Ressurreições.
— A filha de Jairo.
37. Tendo Jesus passado novamente, de barca, para a outra
margem, logo que desembarcou, grande multidão se lhe apinhou
ao derredor. Então, um chefe de sinagoga, chamado Jairo veio ao
seu encontro e, ao aproximar-se dele, se lhe lançou aos pés, — a
suplicar com grande instância, dizendo: Tenho uma filha que está
no momento extremo; vem impor-lhe as mãos para a curar e lhe
salvar a vida. — Jesus foi com ele, acompanhado de grande multidão, que o
comprimia. — Quando Jairo ainda falava, vieram pessoas que lhe eram
subordinadas e lhe disseram: Tua filha está morta; por que hás
de dar ao Mestre o incômodo de ir mais longe? — Jesus, porém,
ouvindo isso, disse ao chefe da sinagoga: Não te aflijas, crê apenas.
— E a ninguém permitiu que o acompanhasse, senão a Pedro,
Tiago e João, irmão de Tiago. — Chegando à casa do chefe da sinagoga, viu ele uma aglomeração
confusa de pessoas que choravam e soltavam grandes gritos.
— Entrando, disse-lhes ele: Por que fazeis tanto alarido e por
que chorais? Esta menina não está morta, está apenas adormecida.
— Zombavam dele. Tendo feito que toda a gente saísse, chamou
o pai e mãe da menina e os que tinham vindo em sua companhia
e entrou no lugar onde a menina se achava deitada. —
Tomou-lhe a mão e disse: Talitha cumi, isto é: Minha filha, levanta-te,
eu to ordeno. — No mesmo instante a menina se levantou e
se pôs a andar, pois contava doze anos, e ficaram todos maravilhados
e espantados. (S. Marcos, 5:21–43.)
— O filho da viúva de Naim.
38. No dia seguinte, dirigiu-se Jesus para uma cidade chamada
Naim; acompanhavam-no seus discípulos e grande multidão de
povo. — Quando estava perto da porta da cidade, aconteceu que
levavam a sepultar um morto, que era filho único de sua mãe e
essa mulher era viúva; estava com ela grande número de pessoas
da cidade. — Tendo-a visto, o Senhor se tomou de compaixão
para com ela e lhe disse: Não chores. — Depois, aproximando-se,
tocou o esquife e os que o conduziam pararam. Então, disse ele:
Mancebo, levanta-te, eu o ordeno. — Imediatamente, o moço se
sentou e começou a falar. E Jesus o restituiu à sua mãe. — Todos os que estavam presentes ficaram tomados de espanto
e glorificavam a Deus, dizendo: Um grande profeta surgiu entre nós
e Deus visitou o seu povo. — O rumor desse milagre que ele fizera se
espalhou por toda a Judeia e por todas as regiões circunvizinhas.
(S. Lucas, 7:11–17.)
39. Contrário seria às leis da natureza e, portanto, milagroso,
o fato de voltar à vida corpórea um indivíduo que se
achasse realmente morto. Ora, não há mister se recorra a
essa ordem de fatos, para ter-se a explicação das ressurreições que Jesus operou.
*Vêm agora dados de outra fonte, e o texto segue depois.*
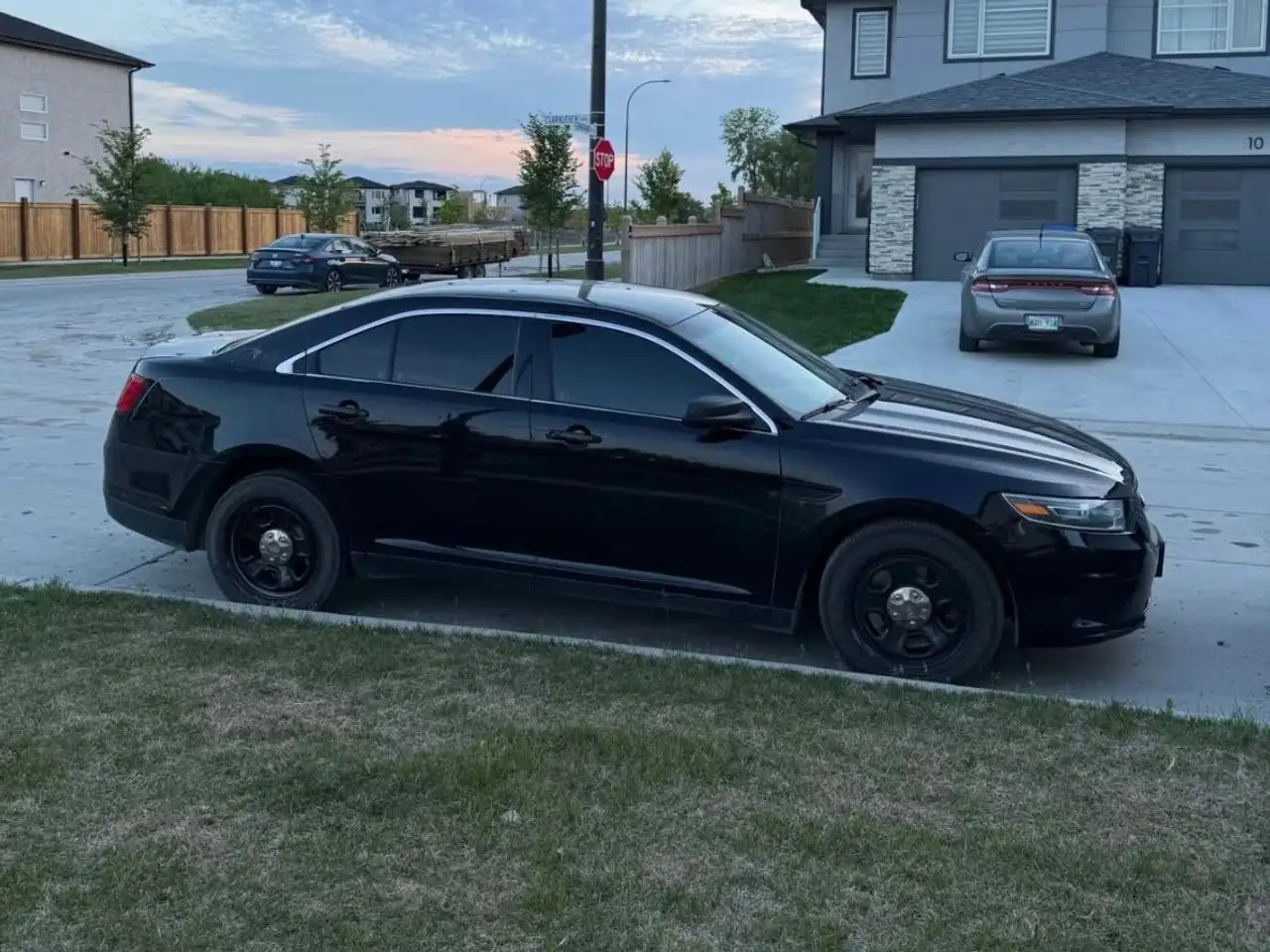Ford Police Interceptor Sedan снимка Ford Police Interceptor Sedan
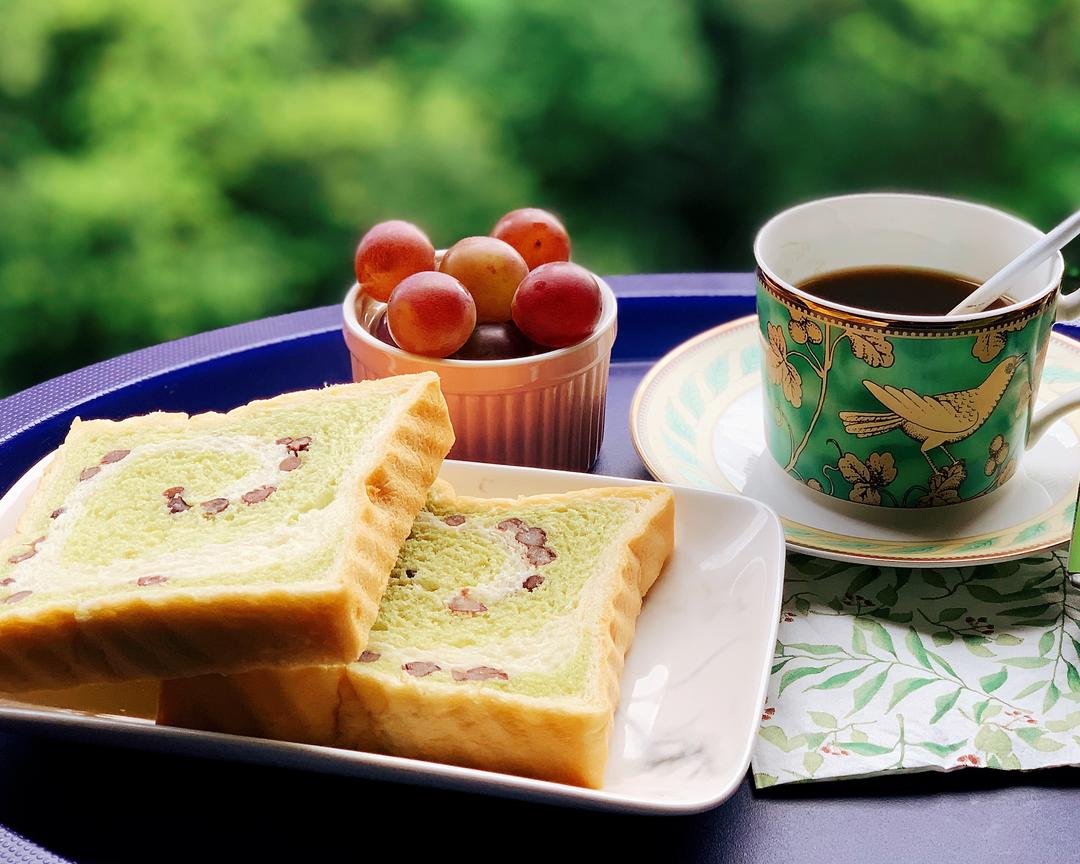 把春天吃进👄里.双色北海道抹茶蜜豆吐司的做法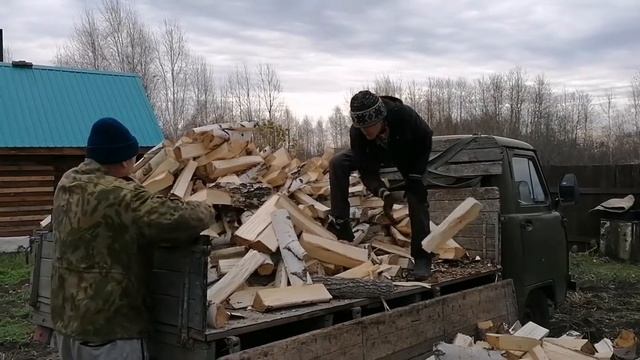 Остановил на дороге машину, груженую дровами, и купил их себе на дачу смотреть онлайн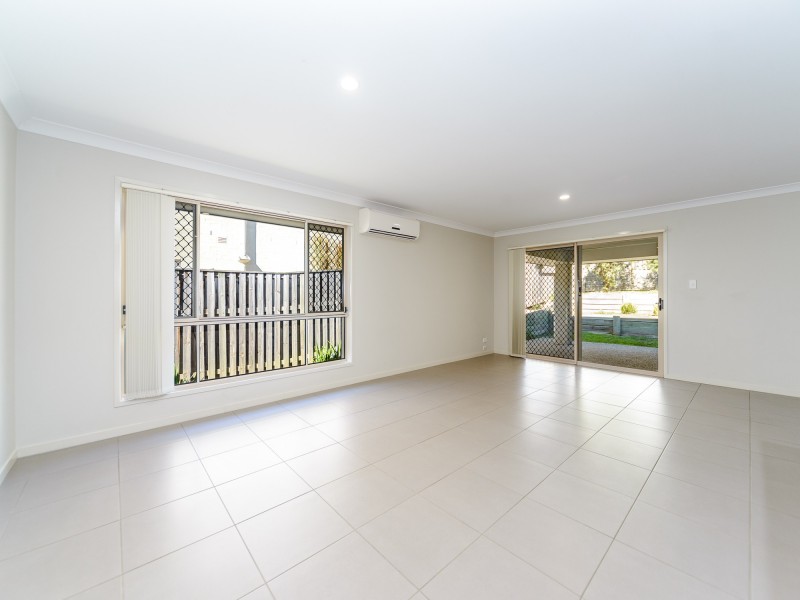 237 Riverstone Crossing, Maudsland QLD 4210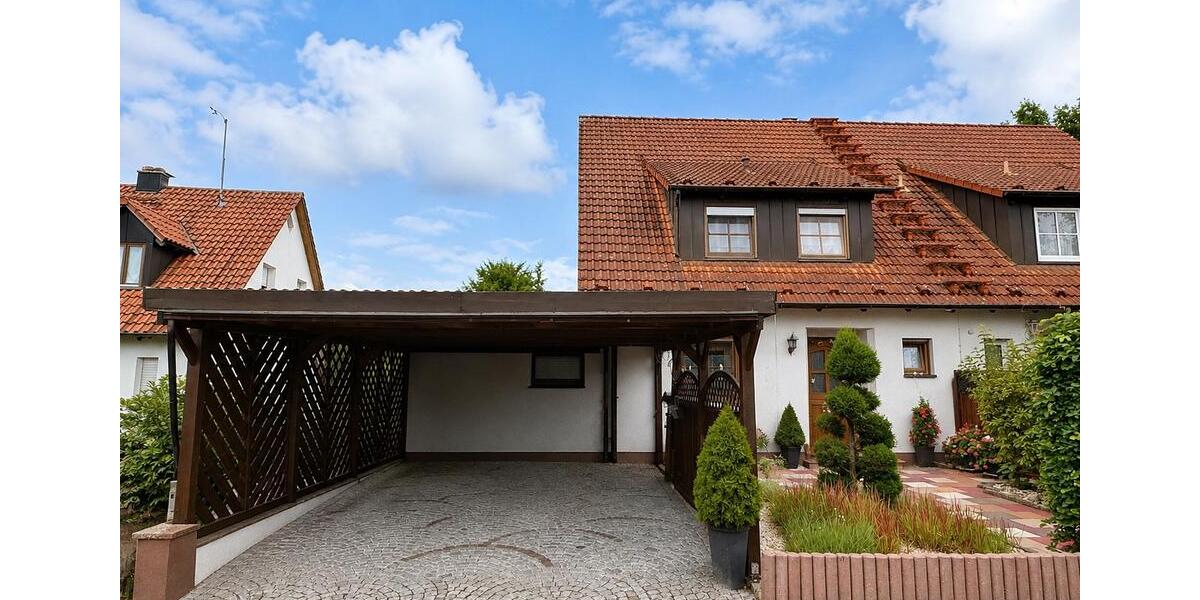 Doppelhaushälfte Effeltrich - 5 Zimmer, 152 m&sup2;, 650.000&euro; | Angebot:27263559
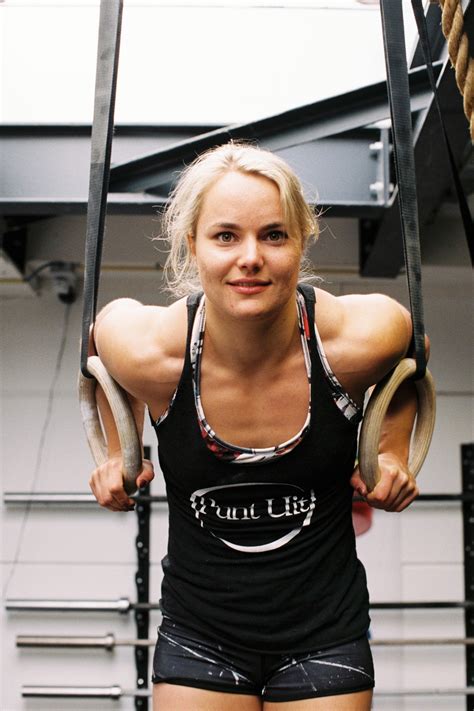 Leonie.io, das umfassende vornamenportal der schweiz. Crossfitter Leonie Henrich trekt zich weinig aan van ...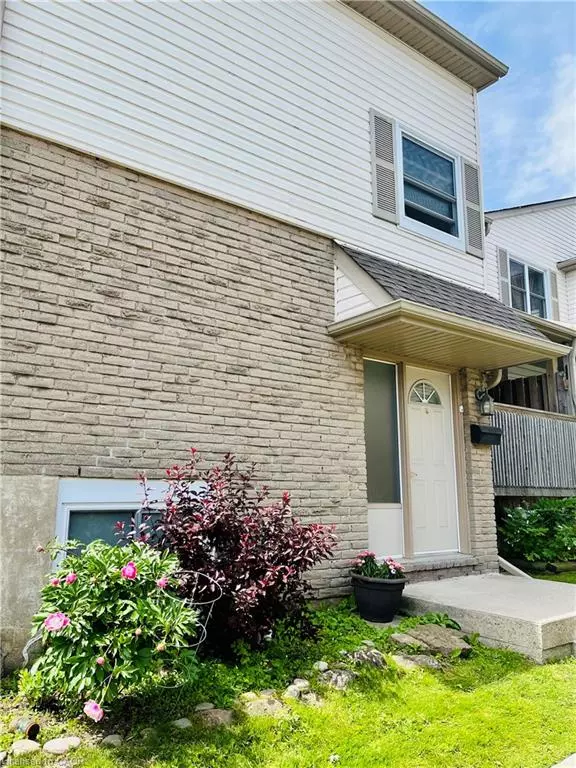 Hamilton, ON L8W 1M8,1300 Upper Ottawa Street #18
Se, mesmo na atualidade, as aparências enganam por
vezes os profissionais, quão mais frequentes não haviam
de ser os acidentes daquela natureza, num país onde nenhuma
precaução se tomava contra eles e onde o sepultamento
era imediato*. É, pois, de todo ponto provável que, nos dois casos acima, apenas síncope ou letargia houvesse.
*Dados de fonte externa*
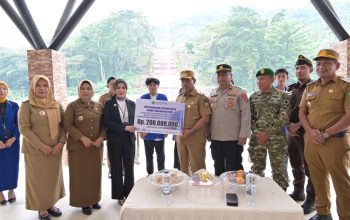 Momentum HANI dan Harganas, Bank Sultra Salurkan Beasiswa CSR 200 Juta untuk Mahasiswa UMKOTA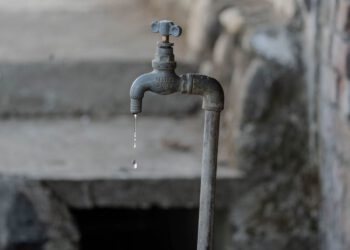 HZJZ Nove analize potvrđuju – voda iz javne vodoopskrbe u Ličko-senjskoj županiji i na Pagu sigurna za piće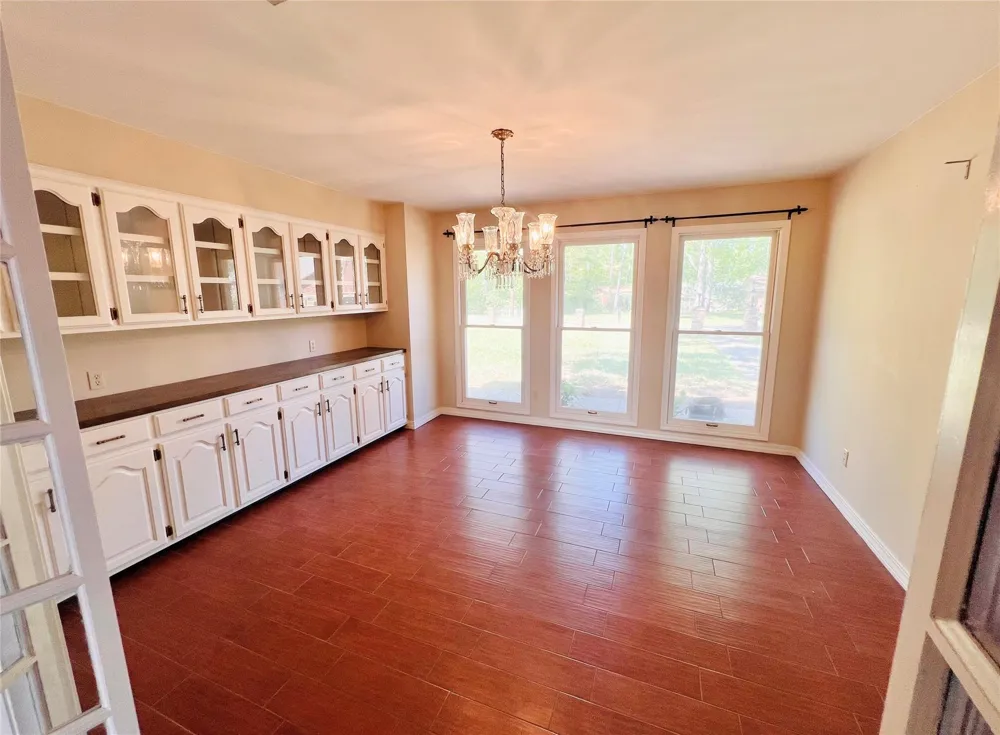 204 Primrose Lane Hemphill, TX 75948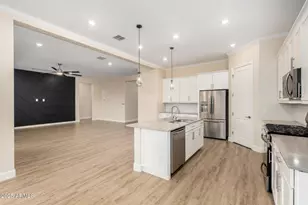 16987 W Saguaro Park Ln, Surprise, AZ 85387 - Photo 5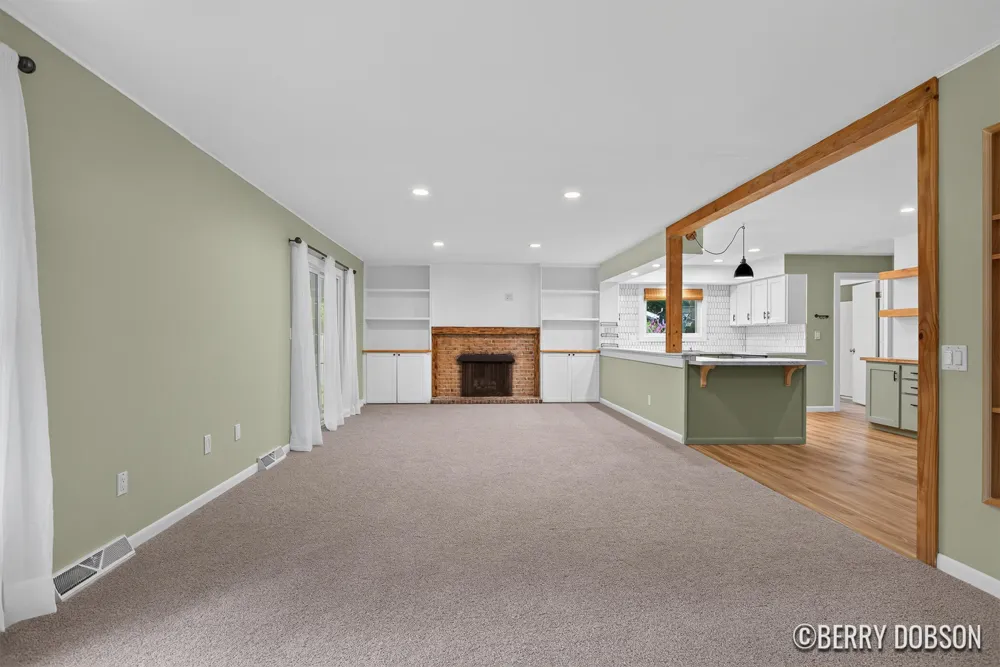 2217 Highlander Drive SE Kentwood City, MI 49508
O próprio Jesus declara positivamente, com relação à
filha de Jairo: Esta menina, disse ele, não está morta, está
apenas adormecida.
Dado o poder fluídico que ele possuía, nada de espantoso
há em que esse fluido vivificante, acionado por uma
vontade forte, haja reanimado os sentidos em torpor; que
haja mesmo feito voltar ao corpo o Espírito, prestes a
abandoná-lo, uma vez que o laço perispirítico ainda se não
rompera definitivamente. Para os homens daquela época,
que consideravam morto o indivíduo desde que deixara de
respirar, havia ressurreição em casos tais; mas, o que na
realidade havia era cura e não ressurreição, na acepção
legítima do termo.
* Uma prova desse costume se nos depara nos Atos dos Apóstolos,
5:5 e seguintes.
“Ananias, tendo ouvido aquelas palavras, caiu e rendeu o Espírito
e todos os que ouviram falar disso foram presas de grande temor.
— Logo, alguns rapazes lhe vieram buscar o corpo e, tendo-o
levado, o enterraram. — Passadas umas três horas, sua mulher
(Safira), que nada sabia do que se dera, entrou. — E Pedro lhe
disse. . . etc. — No mesmo instante, ela lhe caiu aos pés e rendeu o
Espírito. Aqueles rapazes, voltando, a encontraram morta e, levando-a,
enterraram-na junto do marido.”
40. A ressurreição de Lázaro, digam o que disserem, de
nenhum modo infirma este princípio. Ele estava, dizem,
havia quatro dias no sepulcro; sabe-se, porém, que há letargias
que duram oito dias e até mais. Acrescentam que já
cheirava mal, o que é sinal de decomposição. Esta alegação
também nada prova, dado que em certos indivíduos há decomposição
parcial do corpo, mesmo antes da morte, havendo em tal caso cheiro de podridão. A morte só se verifica
quando são atacados os órgãos essenciais à vida.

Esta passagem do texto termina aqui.